I know, it's been awhile, and I have no new pics to share. Sorry. My computer was out of service for 2 weeks. (Thanks to Geek Squad for the 3 day estimate!!!) Basically, they backed up my files and reinstalled Windows, to the tune of $300! Ugh!
Anyway...... I'm working past that.
It took four kids, but I finally have a funny poop story. And I'm sure Teagan will someday thank me for not chronicaling this stage of his life in film. So I go to get him up from his nap. I noticed his diaper was slightly amiss. He rolled over and I noticed, hmmm, something was peeking out of the top of his diaper. Uh, Teagan, why is your pee pee sticking out of your diaper? He grabs his butt and says:
Okay, lay down and we'll change your diaper.
Yeah, I know, poop.
Noooo, poop (he says, while pointing outside of the crib)
Huh? (looking around)
Poop! (still pointing)
Ohhhh, poop. (as I spot the poop in question, lying atop the Fisher Price garage)
Apparently, he didn't like the poop in his diaper, or he was bored, or there is some other unexplainable reason why a toddler would throw his poop outside of his crib.

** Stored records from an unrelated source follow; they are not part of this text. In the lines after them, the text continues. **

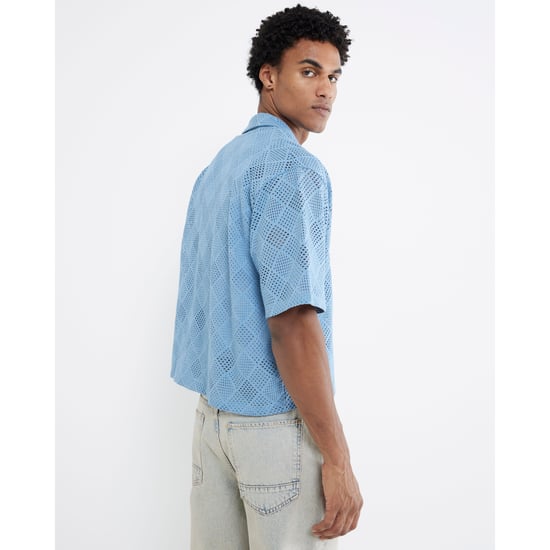 River Island Mens Blue Short Sleeve Diamond Crochet Shirt - Image 2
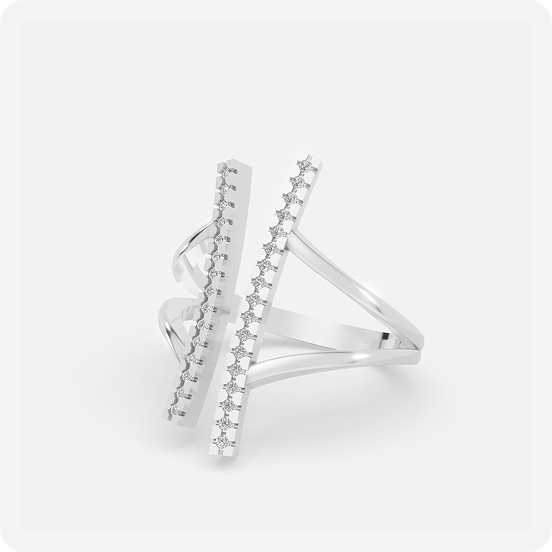Open V-Line Diamond Elegance Ring - Image 2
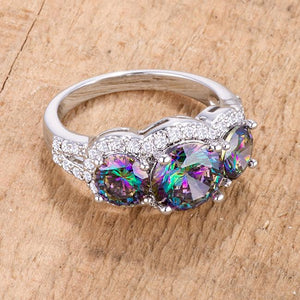 4 Ct Three Stone Rhodium Ring with Mystic and Clear CZ - Jewelry Xoxo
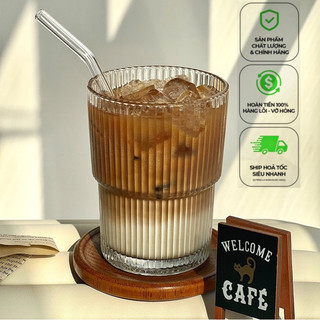  Cốc thuỷ tinh sọc 2 tầng H015 ly thuỷ size to dung tich 410ml decor đồ uống quán cafe 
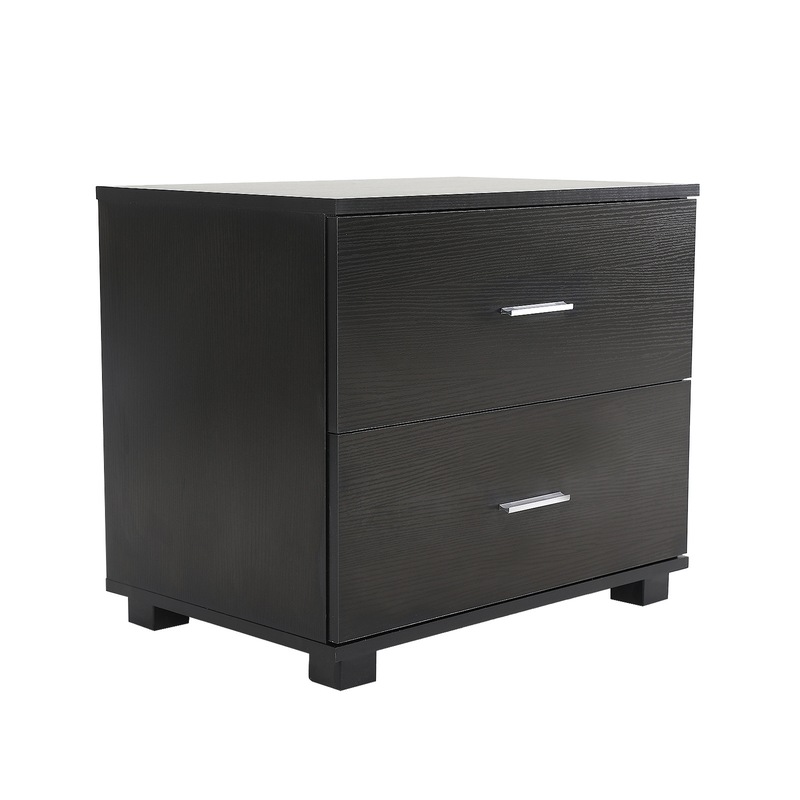 Buy Bedside Tables Storage Nightstand 2 Drawer Legs ETTA BLACK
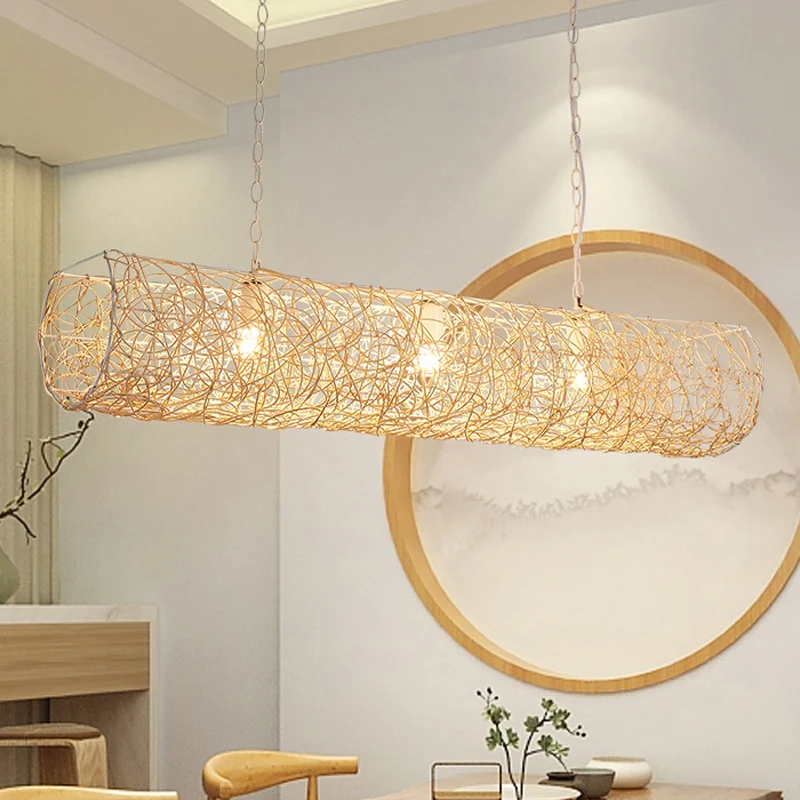 Horizontale hanglamp met witte biezen, eigentijdse 3-lichts hanglamp van bamboerotan Clearhalo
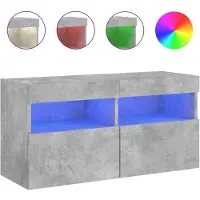 vidaXL Armoire TV murale avec lampes LED gris béton 80x30x40 cm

Thankfully, he drinks way too much milk and it was nice, solid, little turds. I have managed to avoid poop spread all over beds and walls, although I have heard horror stories from other parents. Speaking of turds, the dumb dog, I mean Buddy, was in the house the other day, and I noticed something lying on the floor. I asked Tatum, "Is that a cat turd?" (Buddy has a littler box fetish which is why she is usually closely monitored while in the house). Tatum giggled, "What's a turd?" Apparently, my children are not very cultured and stick to calling it all poop. (Btw, I didn't have to worry about the cat turd, because the disgusting dog, ate it!) I know, gross, huh? See why you should never let your dog lick you in the face?
Just so you don't think toddlers and turd eating dogs are all I have to contend with, I'm riding along in the van the other day, with a bunch of kids, I mean, my kids. So, Tanner, is listening to ONE OF MY CD's, and as I start singing along, he says "You're ruining it, Mom."
Smart aleck. He makes it a point to mention, frequently, that he is 3 years away from being a teenager. I say, he's already there.